Что было на самом деле поразительно, что единогласно признали чудом, так это появление «нелегальной иммигрантки», случившееся через несколько недель после прибытия первого поезда из Киева. Она ковыляла через виноградник, и сборщики приостановили работу, глядя на нее в изумлении. Люба Щаденко в то утро была в своей комнате вместе с детьми и свекровью и услышала, что в дверь кто-то скребется. Она открыла ее и увидела у своих ног маленькую черную кошку, жалобно мяукавшую. Это была их кошка, по недоразумению названная Васькой, – тощая как скелет, со сбитыми в кровь лапками, но, несомненно, Васька. Вскоре она, налакавшись молока с блюдца, свернулась клубочком, мурлыча на руках у Нади. Каким-то образом, благодаря удивительному инстинкту, присущему кошкам, она ползком преодолела улицы, пустыни и горы, чтобы вновь их найти. Она быстро поправилась и стала очертя голову носиться по лагерю, сделавшись всеобщей любимицей.
Черная кошка приняла надлежащее участие в шумном праздновании сбора винограда. Урожай выдался щедрым, грозди были превосходны. Лиза в первый раз попробовала свой голос – негромко, в застольной хоровой песне. Он оказался сиплым и неуверенным, но она не огорчилась, а кое-кто даже повернул голову в ее сторону, интересуясь, кому принадлежит это приятное сопрано.
Черную кошку можно было встретить буквально повсюду! Однажды вечером она даже сорвала показ фильма. Лиза обычно ходила на эти сеансы: фильмы, хотя зачастую и неинтересные – плохо снятая документалистика, – помогали ей в изучении языка. В тот вечер они с Любой смотрели документальный сюжет о поселении в Эммаусе.

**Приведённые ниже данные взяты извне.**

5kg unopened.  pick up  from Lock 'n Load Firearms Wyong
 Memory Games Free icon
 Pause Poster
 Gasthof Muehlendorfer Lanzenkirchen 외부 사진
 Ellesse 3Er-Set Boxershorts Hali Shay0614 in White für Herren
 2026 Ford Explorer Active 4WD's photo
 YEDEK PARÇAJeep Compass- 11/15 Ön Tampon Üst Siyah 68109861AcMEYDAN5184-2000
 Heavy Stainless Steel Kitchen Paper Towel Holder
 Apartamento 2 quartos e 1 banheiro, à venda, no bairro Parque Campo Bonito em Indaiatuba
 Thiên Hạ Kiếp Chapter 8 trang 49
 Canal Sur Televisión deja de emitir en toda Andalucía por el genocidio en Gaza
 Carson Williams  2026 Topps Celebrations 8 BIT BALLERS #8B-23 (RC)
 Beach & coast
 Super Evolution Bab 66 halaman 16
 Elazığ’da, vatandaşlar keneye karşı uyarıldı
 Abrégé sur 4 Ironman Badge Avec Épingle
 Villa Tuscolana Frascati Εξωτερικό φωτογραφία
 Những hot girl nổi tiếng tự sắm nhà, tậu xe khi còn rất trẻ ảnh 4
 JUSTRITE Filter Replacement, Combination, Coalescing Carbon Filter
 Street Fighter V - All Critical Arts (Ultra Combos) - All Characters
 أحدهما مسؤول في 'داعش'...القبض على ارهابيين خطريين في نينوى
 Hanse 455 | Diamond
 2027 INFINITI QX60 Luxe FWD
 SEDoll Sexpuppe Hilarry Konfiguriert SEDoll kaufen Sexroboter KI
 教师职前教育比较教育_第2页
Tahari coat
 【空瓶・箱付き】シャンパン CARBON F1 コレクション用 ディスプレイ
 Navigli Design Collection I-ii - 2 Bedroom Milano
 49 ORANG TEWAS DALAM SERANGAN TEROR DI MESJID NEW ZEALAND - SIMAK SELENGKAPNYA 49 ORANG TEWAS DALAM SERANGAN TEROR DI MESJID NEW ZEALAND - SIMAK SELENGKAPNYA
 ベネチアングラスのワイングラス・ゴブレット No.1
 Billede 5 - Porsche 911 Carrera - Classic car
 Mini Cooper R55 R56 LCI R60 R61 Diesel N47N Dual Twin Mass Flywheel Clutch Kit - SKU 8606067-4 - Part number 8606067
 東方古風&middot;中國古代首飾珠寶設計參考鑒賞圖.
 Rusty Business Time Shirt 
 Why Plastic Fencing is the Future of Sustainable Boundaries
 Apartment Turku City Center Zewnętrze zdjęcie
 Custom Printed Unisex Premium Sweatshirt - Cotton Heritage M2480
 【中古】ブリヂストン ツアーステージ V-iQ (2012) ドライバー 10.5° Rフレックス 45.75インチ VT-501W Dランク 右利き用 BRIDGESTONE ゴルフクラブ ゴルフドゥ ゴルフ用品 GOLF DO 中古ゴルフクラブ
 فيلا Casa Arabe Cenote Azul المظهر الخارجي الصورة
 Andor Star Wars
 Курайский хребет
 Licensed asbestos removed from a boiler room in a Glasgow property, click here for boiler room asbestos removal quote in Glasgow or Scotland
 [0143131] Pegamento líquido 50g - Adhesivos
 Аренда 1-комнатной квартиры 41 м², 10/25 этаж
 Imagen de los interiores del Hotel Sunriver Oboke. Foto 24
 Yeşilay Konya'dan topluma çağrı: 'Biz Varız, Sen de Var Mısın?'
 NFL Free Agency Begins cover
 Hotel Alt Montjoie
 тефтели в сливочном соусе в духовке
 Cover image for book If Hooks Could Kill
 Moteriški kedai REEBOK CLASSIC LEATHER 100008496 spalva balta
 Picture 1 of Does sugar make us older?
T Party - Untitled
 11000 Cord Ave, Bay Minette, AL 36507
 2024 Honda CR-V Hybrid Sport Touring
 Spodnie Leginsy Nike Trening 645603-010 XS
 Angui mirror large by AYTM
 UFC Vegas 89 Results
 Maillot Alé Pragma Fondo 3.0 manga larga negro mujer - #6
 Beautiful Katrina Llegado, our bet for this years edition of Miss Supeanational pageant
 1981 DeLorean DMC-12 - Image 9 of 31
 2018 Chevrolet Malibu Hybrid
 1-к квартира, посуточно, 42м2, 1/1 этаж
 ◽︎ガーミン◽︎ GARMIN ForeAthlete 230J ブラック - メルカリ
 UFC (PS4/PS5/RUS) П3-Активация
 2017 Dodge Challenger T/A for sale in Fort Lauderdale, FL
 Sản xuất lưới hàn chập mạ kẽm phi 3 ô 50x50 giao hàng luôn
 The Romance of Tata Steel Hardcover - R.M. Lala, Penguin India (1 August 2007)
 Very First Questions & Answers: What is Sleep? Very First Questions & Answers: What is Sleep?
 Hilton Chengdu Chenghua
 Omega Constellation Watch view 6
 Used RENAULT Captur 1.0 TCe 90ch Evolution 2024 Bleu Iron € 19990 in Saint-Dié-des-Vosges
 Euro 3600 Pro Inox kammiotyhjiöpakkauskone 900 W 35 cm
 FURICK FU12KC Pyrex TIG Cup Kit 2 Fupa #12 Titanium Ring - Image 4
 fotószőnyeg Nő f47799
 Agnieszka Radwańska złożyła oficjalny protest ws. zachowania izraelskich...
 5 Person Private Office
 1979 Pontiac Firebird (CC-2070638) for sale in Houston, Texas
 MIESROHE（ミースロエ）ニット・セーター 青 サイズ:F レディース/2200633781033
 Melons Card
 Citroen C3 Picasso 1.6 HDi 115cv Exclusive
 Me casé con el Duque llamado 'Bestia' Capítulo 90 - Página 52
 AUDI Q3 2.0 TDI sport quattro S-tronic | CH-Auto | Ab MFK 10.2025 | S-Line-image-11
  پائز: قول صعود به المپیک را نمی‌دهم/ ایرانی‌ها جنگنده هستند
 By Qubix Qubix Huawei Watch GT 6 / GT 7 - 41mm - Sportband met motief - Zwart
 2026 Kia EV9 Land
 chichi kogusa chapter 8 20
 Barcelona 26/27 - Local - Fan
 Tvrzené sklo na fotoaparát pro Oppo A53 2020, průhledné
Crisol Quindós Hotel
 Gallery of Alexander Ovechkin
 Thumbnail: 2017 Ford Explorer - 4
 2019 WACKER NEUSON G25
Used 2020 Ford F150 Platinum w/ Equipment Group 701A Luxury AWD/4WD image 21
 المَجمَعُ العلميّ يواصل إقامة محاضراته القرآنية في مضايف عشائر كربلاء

Показывали тюремную больницу, в которой добились выдающихся успехов в лечении заключенных строгого режима. Среди интервьюируемых пациентов был один, которого Лиза, как ей казалось, узнала, – приятный молодой человек в очках. Вооруженные стражники сопровождали его по бокам, проводя между зданиями. Показывали, как он играет с детьми в спортивном зале, но даже там вооруженная охрана внимательно за ним наблюдала. Диктор назвал его имя – Кюртен – так, словно зрителям оно было хорошо знакомо; и Лиза действительно думала, что когда-то слышала это имя и, возможно, видела в газетах фотографии этого человека, но не могла вспомнить, когда и где. Она собиралась шепотом обратиться к Любе, как вдруг весь экран заполнился Васькой... Силуэтным изображением Васьки! Зрители оживились и разразились смехом. Каким-то образом кошка проникла в проекторскую, а теперь безмятежно умывала на экране свою мордочку! Зрители захлопали, требуя продолжения, – это было куда занятнее фильма!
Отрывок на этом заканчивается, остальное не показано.